The international luxury cruise line is already advertising St. Paul and other cities on the river for its slate of new tours scheduled to launch in August of 2022.
"This is a big deal for St. Paul," said Terry Mattson, president and CEO of the city's convention and visitors bureau.
Switzerland-based Viking announced in 2020 that it was building a custom 386-guest vessel to sail the Mississippi, the latest river in the company's exotic lineup that includes the Danube, the Seine and the Nile. The St. Paul City Council on Wednesday approved a contract allowing ships to dock at Lambert's Landing, a riverfront park near downtown that was once among the busiest steamboat ports in the country.
Viking's longest Mississippi River option — a 15-day cruise between St. Paul and New Orleans — has already sold out for 2022. Tickets for 2023 and 2024 cruises are still available at a price of $11,300 or more.
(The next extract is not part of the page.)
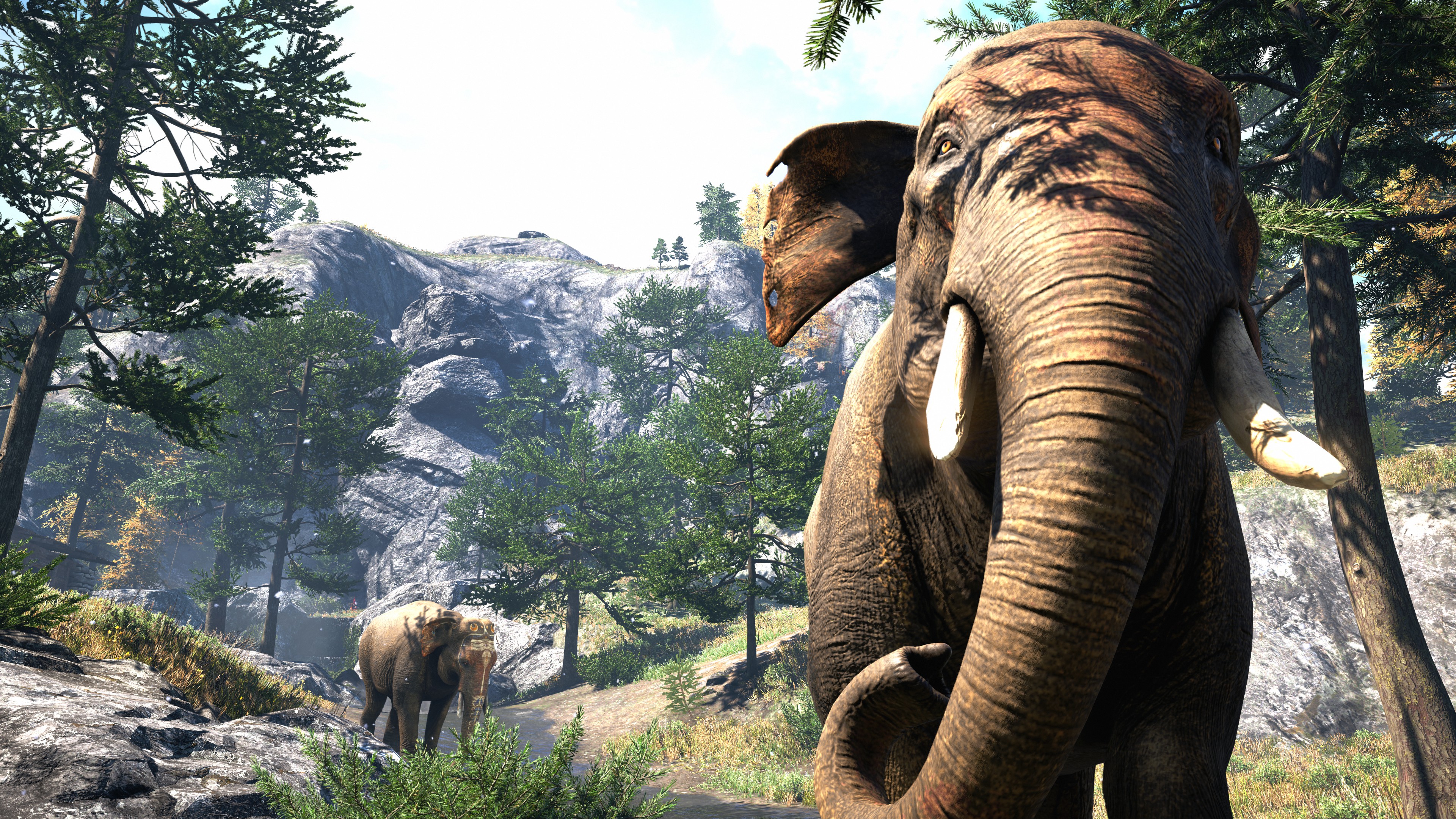 Baixe gratuitamente a imagem Elefante, Videogame, Far Cry, Far Cry 4 na área de trabalho do seu PC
Travelers can also book an eight-day cruise from St. Louis to St. Paul for fares starting at $4,400.
COVID-19 shut down the cruise industry after several viral outbreaks occurred in ships' close quarters in the early days of the pandemic. The Center for Disease Control last week said large vessels could start simulated voyages in U.S. waters with the goal of resuming operations in mid-summer.
But Mattson of Visit St. Paul expects built-up wanderlust, plus Viking's loyal following, will win over tourists eager to explore America's heartland.
"There's no question these will sell out," he said. "Nobody does it better than Viking."
St. Paul's agreement with Viking has been years in the making, a small component of a sweeping plan drafted in 2013 aiming to re-envision the city's long-ignored riverfront.
Mary deLaittre, executive director of the Great River Passage Conservancy charged with leading those efforts, said the nonprofit is in the early stages of plans to build a 1.5-mile promenade connecting St. Paul institutions like the Science Museum and the Union Depot to the water's edge.
"Imagine you get off the cruise ship and enter this new gateway to St. Paul," deLaittre said. The Great River Passage Conservancy is in the process of picking a team to help design the project and a funding strategy, she added.
Viking must pay for increased costs or improvements to the port required to dock its vessels, according to its contract with the city. The cruise line has exclusive permission to use St. Paul's facilities through 2026, with an option to renew the agreement through 2029.
The Mississippi River cruises will also visit Red Wing, Minn., where guests can boat across Lake Pepin and visit Wabasha's National Eagle Center. Other stops on the itinerary — which advertises opportunities to explore small-town America, U.S. history and the and the river's natural features — include Dubuque, Iowa; St. Louis; Memphis, Tenn. and Vicksburg, Miss.
Viking, which will also make its Great Lakes debut in 2022, will start or finish its Mississippi River tours in St. Paul. That means more traffic for Twin Cities attractions and hotels from guests staying over before or after their voyages.
"Everybody in the world knows the Mississippi River, even if they don't know St. Paul," deLaittre said. "This is a great opportunity for us."